Andrea Arnold’s Wuthering Heights, the classic novel’s latest film adaptation, is not Emily Bronte’s Wuthering Heights, nor does it claim to be. It is not William Wyler’s Wuthering Heights, the film which starred legends of the stage and screen like Laurence Olivier and Merle Oberon. And it is not at all similar to the last feature film adaptation, Peter Kosminsky’s Wuthering Heights, which starred Ralph Fiennes and Juliette Binoche.
Arnold’s version is something else entirely. It begins with an angry boy banging his head on a wall and ends with a Mumford & Sons song.
This film is bare bones, using its visuals to encourage impressions and feelings. It focuses more on a seemingly trivial crude painting on a wall or a moment of meditation in nature more so than on the décor of a house or the style of a dress. In fact, Arnold transforms the imposing Gothic edifice of Bronte’s imagination into a dilapidated hilltop farm. It is atmospheric rather than melodramatic, bleaker and more brutal than all previous adaptations in which a swooning heroine and a brooding hero were enough.
“It’s quite mad, doing something like this, but in a way it was very liberating because I couldn’t do anything madder really,” Arnold said of her project. She is the first woman to take on a feature film adaptation of Wuthering Heights, and she takes more artistic risks than any previous director.
Many adaptations don’t stay true to the character’s ages, but Arnold’s decision to remain true to Bronte’s vision was a simple one.
“It makes sense that they’re angry and passionate and slapping each other at 13,” she said.
The younger casting allowed her even more ability to delve into Cathy and Heathcliff’s complex psychology. The film then becomes a coming-of-age story for the two in which Cathy and Heathcliff struggle between the wildness of their childhood and the restrictions of adulthood. In focusing on this balance, the performances of the young actors are the best part of the film.
Arnold sees this struggle as an extension of Bronte’s own anxieties about societal perceptions of femininity in the 19th century.

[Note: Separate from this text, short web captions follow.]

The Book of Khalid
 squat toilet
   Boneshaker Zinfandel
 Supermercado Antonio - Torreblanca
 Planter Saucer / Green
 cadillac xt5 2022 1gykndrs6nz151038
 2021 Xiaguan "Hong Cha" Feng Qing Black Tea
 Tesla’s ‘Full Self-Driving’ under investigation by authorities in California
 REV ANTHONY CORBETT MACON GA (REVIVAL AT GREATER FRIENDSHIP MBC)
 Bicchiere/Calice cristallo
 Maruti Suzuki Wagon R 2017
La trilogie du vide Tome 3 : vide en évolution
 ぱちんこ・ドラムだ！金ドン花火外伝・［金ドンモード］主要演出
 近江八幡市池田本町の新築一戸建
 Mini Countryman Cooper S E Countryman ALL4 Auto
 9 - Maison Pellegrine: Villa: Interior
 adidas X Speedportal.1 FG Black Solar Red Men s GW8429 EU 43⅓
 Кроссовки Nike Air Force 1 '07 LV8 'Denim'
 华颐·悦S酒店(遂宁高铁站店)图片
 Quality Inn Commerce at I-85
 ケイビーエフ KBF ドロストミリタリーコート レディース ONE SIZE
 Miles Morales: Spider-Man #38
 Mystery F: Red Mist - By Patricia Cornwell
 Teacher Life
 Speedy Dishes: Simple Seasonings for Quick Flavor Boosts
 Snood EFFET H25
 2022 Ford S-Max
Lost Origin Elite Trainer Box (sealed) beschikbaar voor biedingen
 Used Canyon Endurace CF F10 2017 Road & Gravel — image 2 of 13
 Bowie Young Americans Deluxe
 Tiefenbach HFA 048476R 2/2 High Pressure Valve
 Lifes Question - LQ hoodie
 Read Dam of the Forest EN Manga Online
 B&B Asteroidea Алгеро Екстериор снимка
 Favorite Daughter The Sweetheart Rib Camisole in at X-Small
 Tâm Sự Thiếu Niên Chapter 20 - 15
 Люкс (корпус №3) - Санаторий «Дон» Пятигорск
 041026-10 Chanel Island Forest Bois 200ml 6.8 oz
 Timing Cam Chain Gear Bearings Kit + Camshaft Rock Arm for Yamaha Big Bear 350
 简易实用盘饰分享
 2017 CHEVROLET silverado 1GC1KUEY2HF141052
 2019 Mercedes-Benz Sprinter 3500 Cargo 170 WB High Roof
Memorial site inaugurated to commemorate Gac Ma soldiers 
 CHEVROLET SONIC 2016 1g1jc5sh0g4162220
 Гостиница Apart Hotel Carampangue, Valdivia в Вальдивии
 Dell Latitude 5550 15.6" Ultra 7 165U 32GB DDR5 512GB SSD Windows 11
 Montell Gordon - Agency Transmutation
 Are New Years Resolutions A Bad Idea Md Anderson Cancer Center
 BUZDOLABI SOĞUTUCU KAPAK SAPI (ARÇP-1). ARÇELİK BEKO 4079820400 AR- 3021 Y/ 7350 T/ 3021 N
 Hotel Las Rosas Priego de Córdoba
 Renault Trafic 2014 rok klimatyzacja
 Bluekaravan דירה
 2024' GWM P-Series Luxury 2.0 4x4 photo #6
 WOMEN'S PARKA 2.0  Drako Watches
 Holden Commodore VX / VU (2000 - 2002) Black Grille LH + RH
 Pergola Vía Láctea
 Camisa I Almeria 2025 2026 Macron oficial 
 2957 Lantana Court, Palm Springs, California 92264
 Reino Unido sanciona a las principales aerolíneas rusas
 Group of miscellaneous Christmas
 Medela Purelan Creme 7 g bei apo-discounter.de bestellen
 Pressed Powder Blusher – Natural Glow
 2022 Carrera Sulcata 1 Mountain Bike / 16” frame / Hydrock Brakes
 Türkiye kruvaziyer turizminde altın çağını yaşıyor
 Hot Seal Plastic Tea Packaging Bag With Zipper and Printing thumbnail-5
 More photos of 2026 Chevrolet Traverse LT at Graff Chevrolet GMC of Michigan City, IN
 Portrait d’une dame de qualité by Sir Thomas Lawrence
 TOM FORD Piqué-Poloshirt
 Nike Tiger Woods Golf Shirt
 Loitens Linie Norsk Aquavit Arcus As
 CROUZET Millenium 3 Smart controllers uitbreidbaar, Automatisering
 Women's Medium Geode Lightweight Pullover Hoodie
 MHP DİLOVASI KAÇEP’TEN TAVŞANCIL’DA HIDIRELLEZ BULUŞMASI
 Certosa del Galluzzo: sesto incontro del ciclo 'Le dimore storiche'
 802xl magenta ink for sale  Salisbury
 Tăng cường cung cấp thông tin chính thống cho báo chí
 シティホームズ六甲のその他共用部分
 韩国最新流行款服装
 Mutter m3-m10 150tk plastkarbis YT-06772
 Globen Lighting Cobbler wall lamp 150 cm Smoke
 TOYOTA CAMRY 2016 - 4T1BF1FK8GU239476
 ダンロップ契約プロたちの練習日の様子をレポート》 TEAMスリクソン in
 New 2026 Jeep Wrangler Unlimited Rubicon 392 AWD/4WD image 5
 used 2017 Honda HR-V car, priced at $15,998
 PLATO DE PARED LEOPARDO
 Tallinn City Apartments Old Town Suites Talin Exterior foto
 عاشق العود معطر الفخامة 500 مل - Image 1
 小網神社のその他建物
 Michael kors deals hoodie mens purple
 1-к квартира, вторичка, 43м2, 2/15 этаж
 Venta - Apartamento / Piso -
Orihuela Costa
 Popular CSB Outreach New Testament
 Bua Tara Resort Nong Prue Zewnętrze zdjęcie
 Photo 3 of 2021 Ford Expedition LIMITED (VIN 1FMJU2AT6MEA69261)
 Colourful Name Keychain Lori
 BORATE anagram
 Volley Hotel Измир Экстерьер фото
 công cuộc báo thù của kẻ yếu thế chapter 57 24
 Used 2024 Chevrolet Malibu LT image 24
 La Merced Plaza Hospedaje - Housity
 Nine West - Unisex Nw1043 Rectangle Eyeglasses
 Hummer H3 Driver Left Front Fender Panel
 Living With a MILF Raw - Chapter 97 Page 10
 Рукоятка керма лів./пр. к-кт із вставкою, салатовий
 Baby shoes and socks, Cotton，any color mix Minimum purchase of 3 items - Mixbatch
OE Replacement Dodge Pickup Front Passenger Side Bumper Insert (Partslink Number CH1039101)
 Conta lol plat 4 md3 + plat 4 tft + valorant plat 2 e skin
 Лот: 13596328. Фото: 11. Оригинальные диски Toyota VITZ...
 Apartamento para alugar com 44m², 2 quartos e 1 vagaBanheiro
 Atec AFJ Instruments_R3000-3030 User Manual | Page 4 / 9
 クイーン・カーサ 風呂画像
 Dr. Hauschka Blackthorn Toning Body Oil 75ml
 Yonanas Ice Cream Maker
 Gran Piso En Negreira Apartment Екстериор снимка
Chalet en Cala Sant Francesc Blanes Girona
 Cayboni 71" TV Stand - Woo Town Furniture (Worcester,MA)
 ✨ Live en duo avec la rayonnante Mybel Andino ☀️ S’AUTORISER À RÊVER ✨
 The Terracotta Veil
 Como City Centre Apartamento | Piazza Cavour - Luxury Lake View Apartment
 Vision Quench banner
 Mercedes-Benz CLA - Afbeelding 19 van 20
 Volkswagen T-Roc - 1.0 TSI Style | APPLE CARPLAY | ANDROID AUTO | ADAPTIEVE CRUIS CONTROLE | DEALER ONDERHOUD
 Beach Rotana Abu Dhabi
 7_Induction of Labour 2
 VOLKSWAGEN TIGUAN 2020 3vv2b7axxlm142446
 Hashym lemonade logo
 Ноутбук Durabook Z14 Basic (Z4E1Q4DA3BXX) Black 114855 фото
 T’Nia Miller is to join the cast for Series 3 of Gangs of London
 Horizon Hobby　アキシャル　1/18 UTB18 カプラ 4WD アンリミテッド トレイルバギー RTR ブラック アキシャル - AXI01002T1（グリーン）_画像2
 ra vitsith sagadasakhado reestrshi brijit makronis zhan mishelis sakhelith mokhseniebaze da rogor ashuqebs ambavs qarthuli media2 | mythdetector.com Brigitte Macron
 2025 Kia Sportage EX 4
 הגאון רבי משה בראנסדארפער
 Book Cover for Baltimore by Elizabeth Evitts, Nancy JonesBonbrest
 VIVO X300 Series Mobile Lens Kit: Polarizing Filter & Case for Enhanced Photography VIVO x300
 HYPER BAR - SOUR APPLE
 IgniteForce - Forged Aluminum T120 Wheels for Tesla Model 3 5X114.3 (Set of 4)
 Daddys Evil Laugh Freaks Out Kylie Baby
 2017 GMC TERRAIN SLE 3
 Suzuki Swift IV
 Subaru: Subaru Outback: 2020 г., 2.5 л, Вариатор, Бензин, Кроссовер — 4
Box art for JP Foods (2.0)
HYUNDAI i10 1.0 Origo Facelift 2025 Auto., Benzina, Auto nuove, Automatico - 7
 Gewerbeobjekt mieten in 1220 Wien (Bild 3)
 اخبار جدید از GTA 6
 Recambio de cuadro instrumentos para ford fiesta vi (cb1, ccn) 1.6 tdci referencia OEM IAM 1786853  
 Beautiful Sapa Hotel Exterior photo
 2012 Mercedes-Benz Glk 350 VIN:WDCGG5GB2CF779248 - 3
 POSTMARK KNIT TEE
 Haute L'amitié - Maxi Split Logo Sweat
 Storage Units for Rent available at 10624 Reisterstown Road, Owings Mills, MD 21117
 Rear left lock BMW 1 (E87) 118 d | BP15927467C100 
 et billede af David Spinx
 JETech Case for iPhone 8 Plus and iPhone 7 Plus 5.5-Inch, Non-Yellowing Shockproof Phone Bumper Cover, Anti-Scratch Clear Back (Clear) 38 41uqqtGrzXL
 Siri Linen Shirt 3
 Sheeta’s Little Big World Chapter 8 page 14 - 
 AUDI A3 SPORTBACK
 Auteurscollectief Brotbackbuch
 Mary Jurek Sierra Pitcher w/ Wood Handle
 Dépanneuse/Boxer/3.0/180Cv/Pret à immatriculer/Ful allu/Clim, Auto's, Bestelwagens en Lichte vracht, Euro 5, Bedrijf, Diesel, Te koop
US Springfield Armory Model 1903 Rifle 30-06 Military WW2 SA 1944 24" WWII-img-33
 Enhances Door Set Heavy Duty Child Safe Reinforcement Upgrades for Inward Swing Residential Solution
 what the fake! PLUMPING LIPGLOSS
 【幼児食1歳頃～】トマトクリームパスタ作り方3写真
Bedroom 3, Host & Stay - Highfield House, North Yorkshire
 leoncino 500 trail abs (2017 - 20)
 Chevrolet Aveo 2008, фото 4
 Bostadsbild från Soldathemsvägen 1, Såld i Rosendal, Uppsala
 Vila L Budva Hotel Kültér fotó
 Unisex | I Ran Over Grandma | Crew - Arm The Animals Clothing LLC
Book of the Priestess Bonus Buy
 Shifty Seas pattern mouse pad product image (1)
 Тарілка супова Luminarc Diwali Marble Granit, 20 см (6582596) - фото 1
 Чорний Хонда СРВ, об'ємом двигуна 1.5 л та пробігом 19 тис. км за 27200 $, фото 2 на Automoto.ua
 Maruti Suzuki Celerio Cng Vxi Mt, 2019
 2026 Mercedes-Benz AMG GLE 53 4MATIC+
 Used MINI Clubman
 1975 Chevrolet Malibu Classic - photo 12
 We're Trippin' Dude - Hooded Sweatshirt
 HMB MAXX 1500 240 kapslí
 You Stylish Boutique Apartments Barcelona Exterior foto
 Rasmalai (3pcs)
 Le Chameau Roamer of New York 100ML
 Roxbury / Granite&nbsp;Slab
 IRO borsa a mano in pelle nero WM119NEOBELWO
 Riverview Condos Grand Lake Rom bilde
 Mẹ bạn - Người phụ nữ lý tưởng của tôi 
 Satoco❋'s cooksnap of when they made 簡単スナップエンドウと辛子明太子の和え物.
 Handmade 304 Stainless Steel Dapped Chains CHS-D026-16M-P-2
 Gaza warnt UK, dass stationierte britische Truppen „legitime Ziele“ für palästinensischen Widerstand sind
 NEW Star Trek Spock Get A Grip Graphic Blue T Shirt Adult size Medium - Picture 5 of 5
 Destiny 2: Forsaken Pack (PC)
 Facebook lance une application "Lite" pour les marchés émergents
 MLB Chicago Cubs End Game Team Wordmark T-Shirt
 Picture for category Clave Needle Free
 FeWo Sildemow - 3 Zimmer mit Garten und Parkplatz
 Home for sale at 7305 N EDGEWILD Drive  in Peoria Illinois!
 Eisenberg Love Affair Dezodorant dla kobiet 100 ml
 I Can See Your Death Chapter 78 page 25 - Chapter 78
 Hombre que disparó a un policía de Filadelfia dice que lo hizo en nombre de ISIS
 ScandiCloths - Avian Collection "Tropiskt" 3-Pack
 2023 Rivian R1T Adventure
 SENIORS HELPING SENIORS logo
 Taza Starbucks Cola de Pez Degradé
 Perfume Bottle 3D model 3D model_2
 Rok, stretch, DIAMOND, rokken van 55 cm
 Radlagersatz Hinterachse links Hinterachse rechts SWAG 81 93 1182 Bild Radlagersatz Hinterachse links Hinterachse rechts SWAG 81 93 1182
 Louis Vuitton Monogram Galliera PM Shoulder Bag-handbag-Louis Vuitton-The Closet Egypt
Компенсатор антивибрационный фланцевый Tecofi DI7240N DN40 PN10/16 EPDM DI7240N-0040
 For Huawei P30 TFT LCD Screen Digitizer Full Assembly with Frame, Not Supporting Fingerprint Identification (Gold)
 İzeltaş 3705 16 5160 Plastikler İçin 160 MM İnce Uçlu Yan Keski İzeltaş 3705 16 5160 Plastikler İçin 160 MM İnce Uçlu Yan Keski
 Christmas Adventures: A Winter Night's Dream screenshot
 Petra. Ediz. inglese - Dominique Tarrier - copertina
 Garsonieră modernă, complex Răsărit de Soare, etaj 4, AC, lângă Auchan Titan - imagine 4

“There’s Emily and Cathy roaming the moors being free and independent as children and then losing that freedom and independence when they hit puberty and had to be married,” she said.
But though Cathy is certainly less passive and more three-dimensional in this adaptation, she still serves more as a symbol (of Heathcliff’s youthful hopes) rather than a true character.
A subtly mischievous Shannon Beer plays the young Cathy wonderfully. and Kaya Scoledario does an equally good job in a more restrained adult version of the character.
Solomon Glave is particularly suited to the part of the solemn and tormented Heathcliff, and James Howson does well as his more sophisticated older counterpart. Heathcliff becomes less the Byronic hero of old and more a cousin of James Dean from Rebel Without a Cause.
Indeed, Andrea Arnold sees the similarities in the moody young men.
“I started writing a contemporary version. When I was up in the moors, I saw this lad walking down somewhere wearing a hoodie and I thought, ‘Heathcliff! Heathcliff in a hoodie!’ And I started it that way,” she said.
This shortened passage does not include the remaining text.